Data to examine section start
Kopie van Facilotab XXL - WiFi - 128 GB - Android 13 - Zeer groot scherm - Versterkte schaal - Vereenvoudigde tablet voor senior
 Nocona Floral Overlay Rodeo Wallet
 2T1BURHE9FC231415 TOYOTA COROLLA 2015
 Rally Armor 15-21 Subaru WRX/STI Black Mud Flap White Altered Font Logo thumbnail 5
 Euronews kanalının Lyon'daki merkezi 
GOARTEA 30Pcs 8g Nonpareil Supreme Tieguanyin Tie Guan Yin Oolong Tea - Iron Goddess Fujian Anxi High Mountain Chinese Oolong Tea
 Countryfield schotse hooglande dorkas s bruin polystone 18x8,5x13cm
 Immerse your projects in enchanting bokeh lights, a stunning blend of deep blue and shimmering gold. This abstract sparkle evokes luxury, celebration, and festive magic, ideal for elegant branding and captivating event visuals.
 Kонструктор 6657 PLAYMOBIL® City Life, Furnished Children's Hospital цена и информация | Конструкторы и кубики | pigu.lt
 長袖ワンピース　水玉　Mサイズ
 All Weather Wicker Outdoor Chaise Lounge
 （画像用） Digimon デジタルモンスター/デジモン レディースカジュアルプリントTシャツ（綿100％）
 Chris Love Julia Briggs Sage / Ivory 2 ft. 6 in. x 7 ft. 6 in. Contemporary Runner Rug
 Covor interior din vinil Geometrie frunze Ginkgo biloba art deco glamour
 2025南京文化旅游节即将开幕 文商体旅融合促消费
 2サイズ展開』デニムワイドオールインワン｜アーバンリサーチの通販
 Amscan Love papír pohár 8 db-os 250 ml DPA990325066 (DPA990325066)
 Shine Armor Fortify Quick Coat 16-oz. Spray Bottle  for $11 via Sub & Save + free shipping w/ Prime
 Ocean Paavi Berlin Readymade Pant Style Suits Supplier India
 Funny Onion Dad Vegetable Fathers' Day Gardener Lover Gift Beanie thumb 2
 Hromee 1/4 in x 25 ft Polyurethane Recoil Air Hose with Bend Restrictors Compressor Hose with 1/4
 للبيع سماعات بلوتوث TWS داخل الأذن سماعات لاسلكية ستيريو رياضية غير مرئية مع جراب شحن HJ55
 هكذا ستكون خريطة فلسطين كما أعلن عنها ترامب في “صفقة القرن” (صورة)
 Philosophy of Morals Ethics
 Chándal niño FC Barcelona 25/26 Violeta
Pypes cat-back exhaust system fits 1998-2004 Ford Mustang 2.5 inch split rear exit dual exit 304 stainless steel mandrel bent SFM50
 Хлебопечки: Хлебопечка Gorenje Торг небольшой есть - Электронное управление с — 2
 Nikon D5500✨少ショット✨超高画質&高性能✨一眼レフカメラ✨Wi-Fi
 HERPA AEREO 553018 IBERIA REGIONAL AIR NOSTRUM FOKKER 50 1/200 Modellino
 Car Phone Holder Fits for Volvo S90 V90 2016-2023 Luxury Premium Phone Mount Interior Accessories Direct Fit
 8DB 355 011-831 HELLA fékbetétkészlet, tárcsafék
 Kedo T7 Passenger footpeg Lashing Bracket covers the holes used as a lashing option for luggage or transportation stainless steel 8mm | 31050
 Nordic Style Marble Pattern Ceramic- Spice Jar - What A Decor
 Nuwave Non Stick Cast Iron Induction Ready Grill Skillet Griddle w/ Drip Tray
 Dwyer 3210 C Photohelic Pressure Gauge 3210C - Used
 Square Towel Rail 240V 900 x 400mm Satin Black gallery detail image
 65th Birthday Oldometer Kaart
Data to examine section end
### What you are asked to do
The task calls for all lines in the entries that hold "Iron".

### Response to the exercise
GOARTEA 30Pcs 8g Nonpareil Supreme Tieguanyin Tie Guan Yin Oolong Tea - Iron Goddess Fujian Anxi High Mountain Chinese Oolong Tea
 Nuwave Non Stick Cast Iron Induction Ready Grill Skillet Griddle w/ Drip Tray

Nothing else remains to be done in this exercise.